The EEC/EU began as a way of lowering trade barriers between countries in Western Europe. Over the years it has expanded to include countries in Eastern Europe and more importantly, it has enlarged its brief.
Most significant for euro trading is the formation of the European Monetary Union (EMU) and the introduction of the euro, which happened in the years from 1999 to 2001.
The euro is administered by the European Central Bank (ECB). Because of its status as a multinational regulatory bank, its remit is a little different than the US Federal Reserve, for example.
The ECB is concerned solely with interest rates and maintaining price stability within the Eurozone, while the Federal Reserve and most other national central banks also have to consider the effects of their decisions on employment levels.

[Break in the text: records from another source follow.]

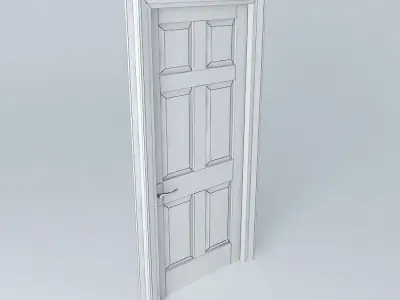 Simple Door Free 3D model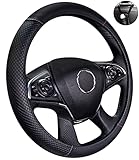 Zawaer Lenkradbezug Leder, 38CM / 15'' Auto Lenkradschoner Lenkrad...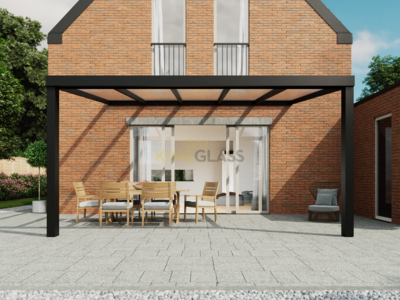 Veranda | Glas | Zwart | 5.06 x 4.0 meter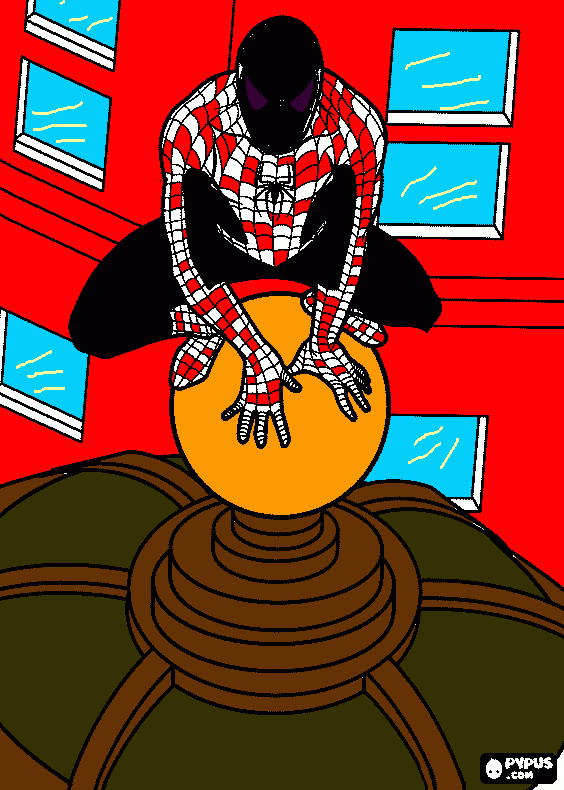 homem aranha minha 2 roupa para colorir e imprimir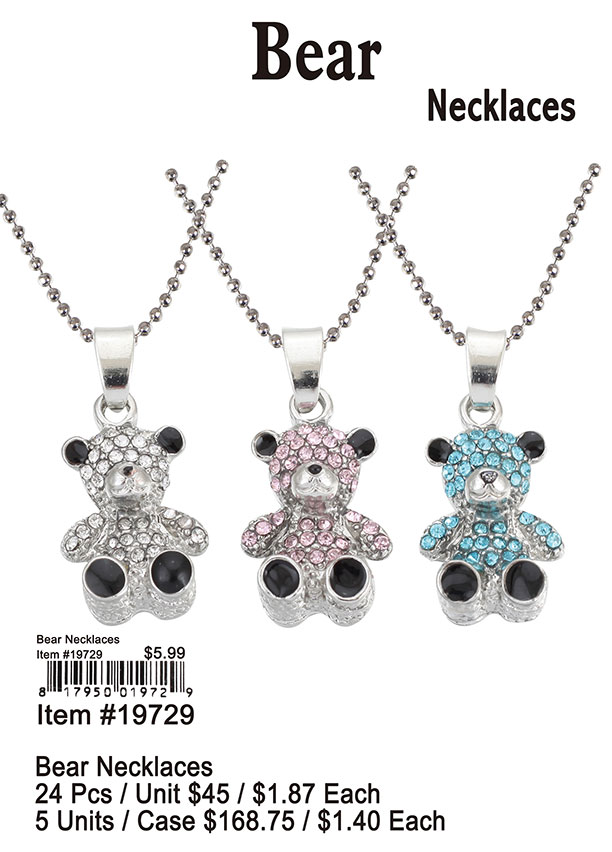 Bear Necklaces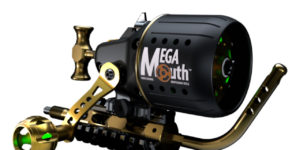 MegaMouth® Professional Bowfishing Reel Free-Spooling Spin Cast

This means that the ECB has a more hawkish approach to interest rates. This means that they tend to favor an increase in interest rates. They will put the interest rates up more quickly than the FR would when prices rise, and are less likely to lower them when prices fall.
This means that changes in something like the retail price index in Germany will not affect euro interest rates and therefore the price of the euro in the same way that the same situation in the US would affect the price of the dollar.
Another point that is important to remember if you are involved in euro trading is that although there are now 27 member countries of the EU, only 16 of them are members of the EMU (the Eurozone).
Another 5 use the euro but are not official EMU members. The others have decided not to join the Eurozone for their own reasons.
In particular, the UK is in the EU but does not use the euro, while Switzerland is not a member of the EU at all. They have retained their own national currencies, the British pound and the Swiss franc.
In addition, many countries in the EU have a small GDP and are not great economic forces. This means that the fundamental factors affecting the price of the euro depend mainly on the economic situation in just four European countries.
Those countries are Germany, France, Italy, and Spain in that order. Together, they produce 75% of the GDP of the Eurozone.
Therefore, the forex trader who is involved in euro trading needs to watch for major economic announcements in those four countries while understanding that the economic situation in other European countries will have much less of an effect on euro trading.